Seth Rich and Julian Assange traded emails prior to Clinton data release. No Russians involved

Revelations came out on Good Friday that the NSA has 32 pages of communications between Julian Assange and Seth Rich, the former Democratic National Committee employee who was murder in Washington DC.

See Latest News On Assange, Rich here

In what authorities call a robbery Rich was shot and killed on July 10, 2016, at 4:20 am. However his wallet, phone and other personal items were all still in his possession.

While Special Counsel Robert Mueller’s report continues with the narrative that the Clinton emails were hacked by the Russians and given to Assange’s Wikileaks, this revelation of previous contact between the two suggests there was no intermediary.

It’s very easy to explain why Mueller held fast to the Russian hack narrative. If Russia didn’t provide the Clinton emails, then how could there be collusion between them and the Trump campaign?

And yet the Assange indictment that the US is using to extradite Assange back to the US has nothing to do with the publishing of the Clinton emails. The one charge stems back to aiding then-Bradley Manning to access a computer password.

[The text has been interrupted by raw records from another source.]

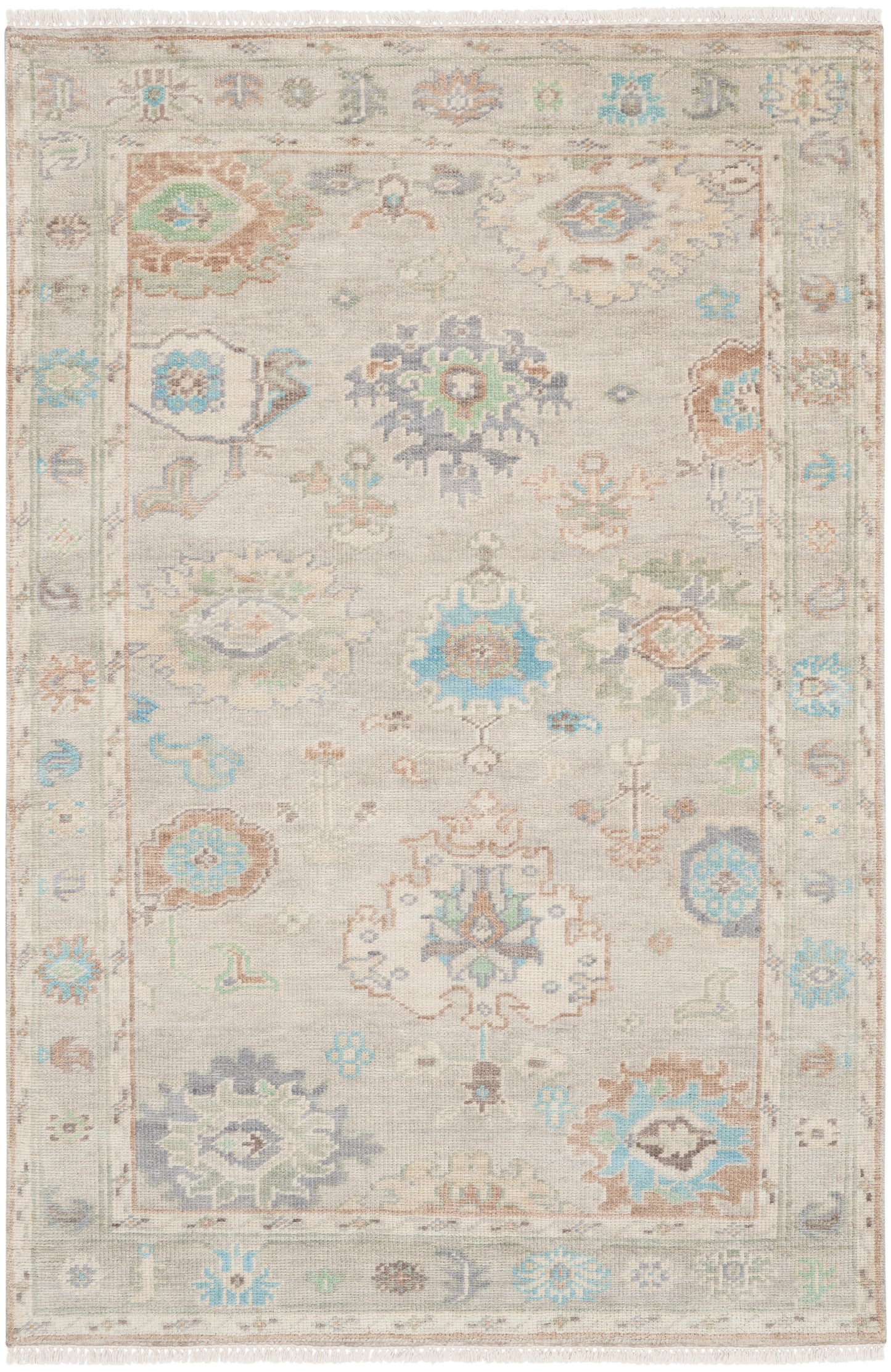 Beige oriental rug with pastel blue and teal floral medallions; intricate border and fringed ends.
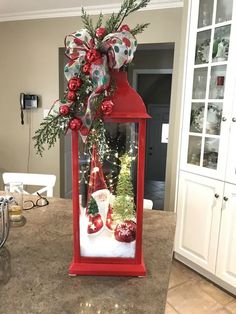 a red lantern with christmas decorations on it in the middle of a kitchen counter top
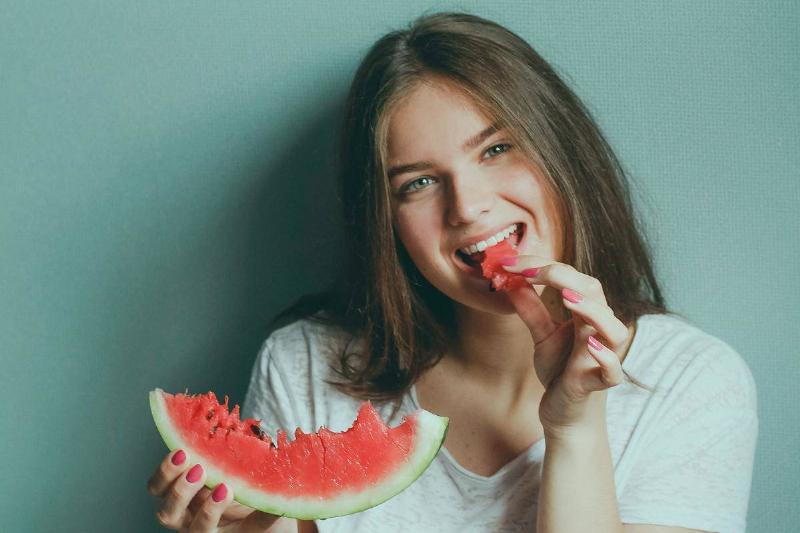 woman-wearing-white-shirt-eating-watermelon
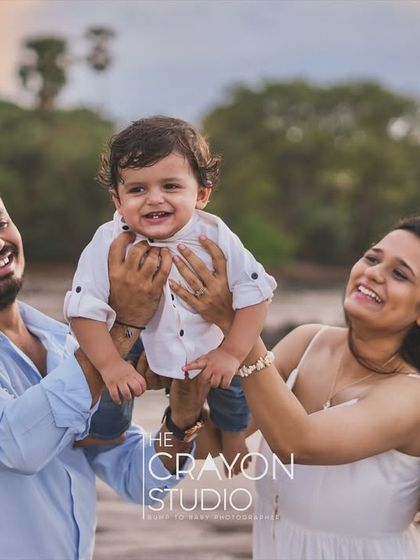 A joyful lift into the air brings out the biggest smiles. This happy, interactive portrait against the soft light of the beach captures the pure delight of being together as a family.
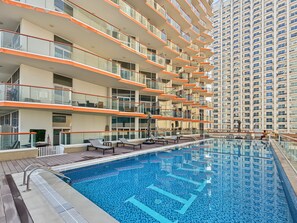 Ein modernes Hotel mit einem Rooftop-Infinity-Pool, mehreren Balkonen und einem Hochhaus im Hintergrund.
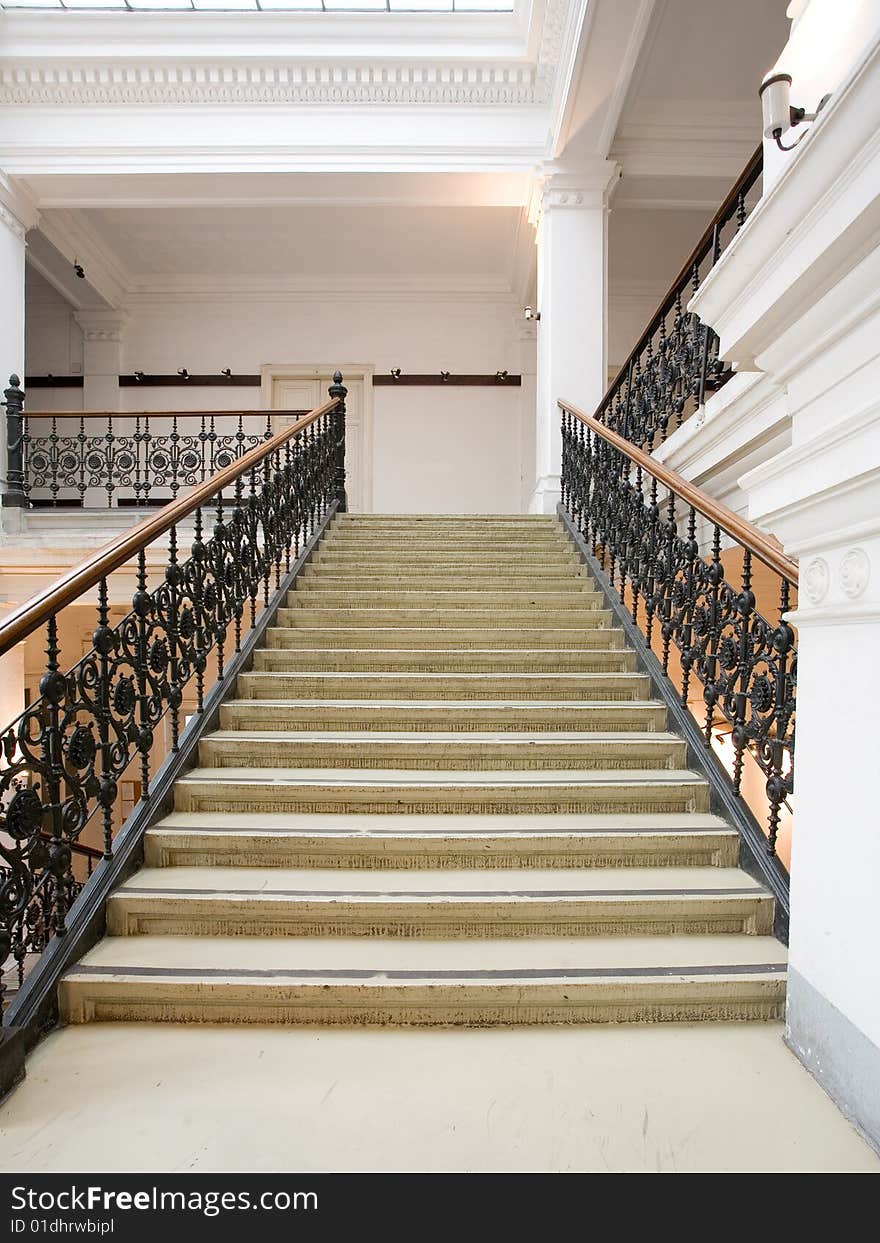 White stairway with metal railing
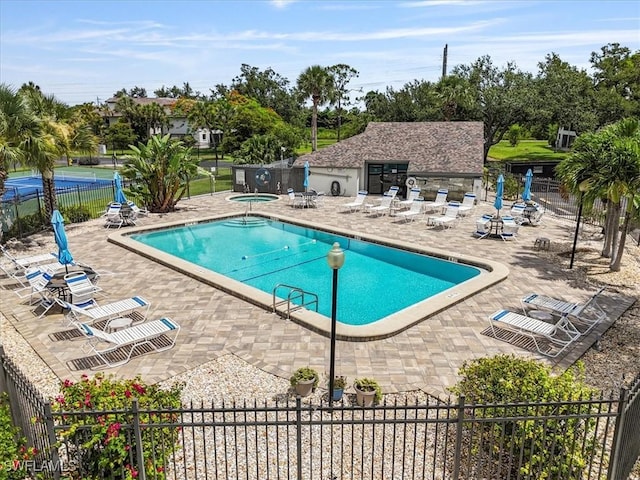 6296 Sugar Bush Ln Unit C, Fort Myers, FL 33908 - community pool with a patio area, a hot tub, and view of scattered trees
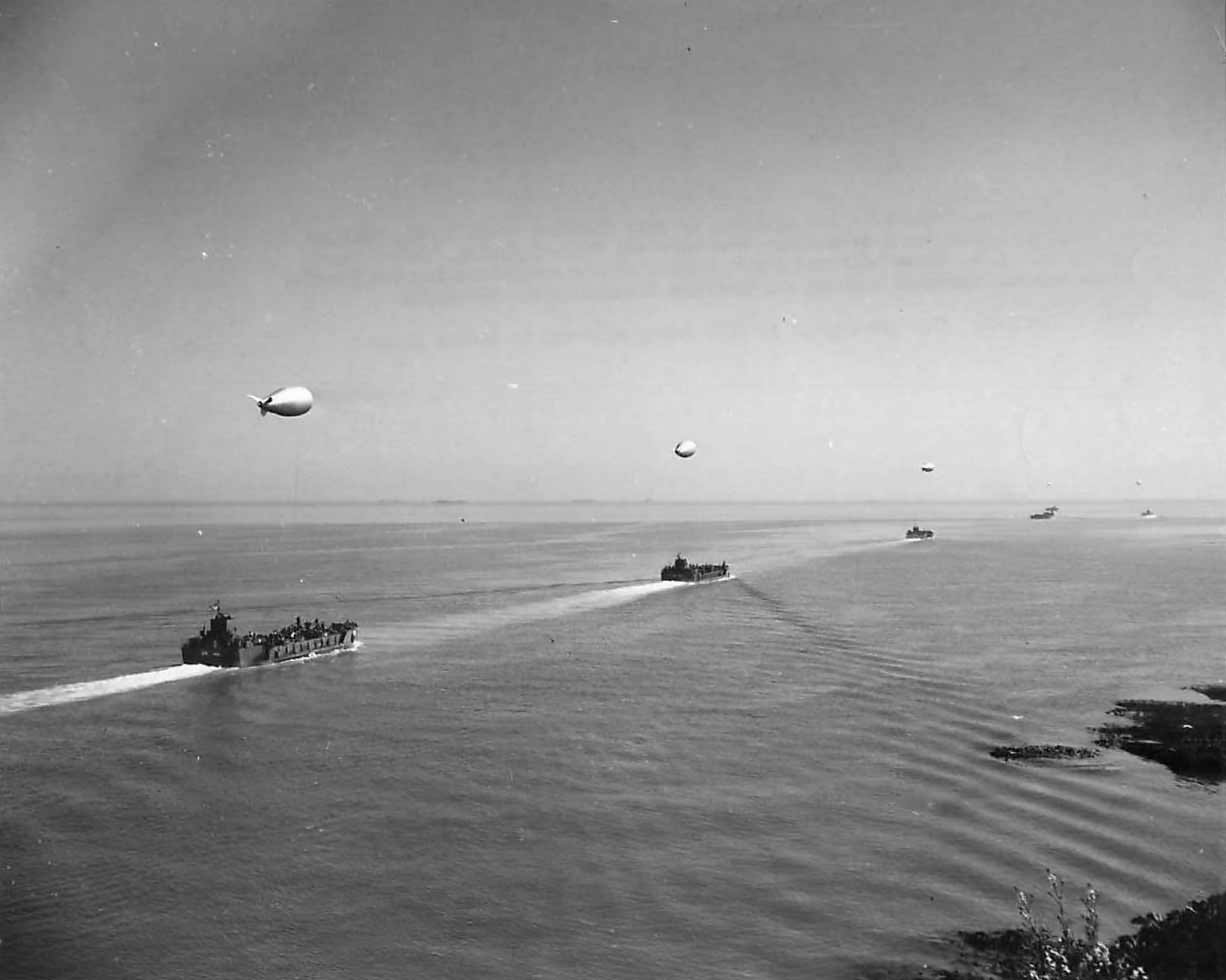 Convoy of LCTs and barrage balloons preparing for D-Day Invasion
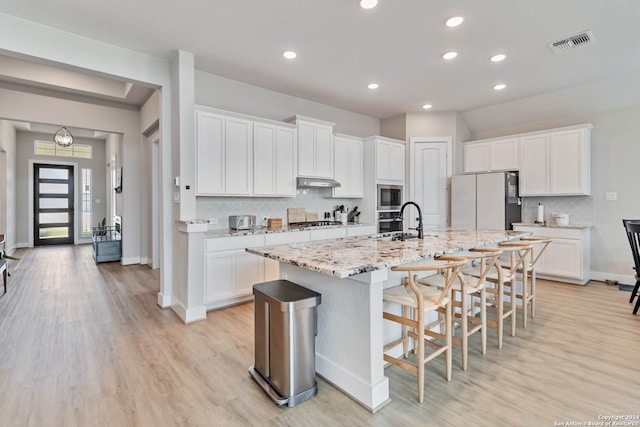 kitchen with appliances with stainless steel finishes, a center island with sink, light hardwood / wood-style floors, and tasteful backsplash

In a Freedom of Information request the NSA said they have these classified files of correspondence between Assange and Rich, but cannot release them due to sensitive information contained in the conversations. Assange has never publicly stated how he received the emails.

This release of information by the NSA is the first evidence to prove that Assange and Rich knew each other and had a running dialog.

In another development, now-retired NSA super sleuth William Binney gives further testimony confirming that it was not a Russian hack, but the download of emails was done locally by sticking a thumb drive in a computer.

The data transfer rate of the emails showed that the hackers would have required a gigabit line across the Atlantic. There is no such robust line able to transfer data at that speed going to Europe and/or Russia from the US. The quickest data transfer speed roughly 25 percent of the transfer rate required.

As a long-time newsman, it is always interesting to see what information comes out just prior to a holiday. It is the perfect time to attempt to bury bad news when only a few are watching.

Fortunately this burial on Good Friday also came to life over Easter weekend.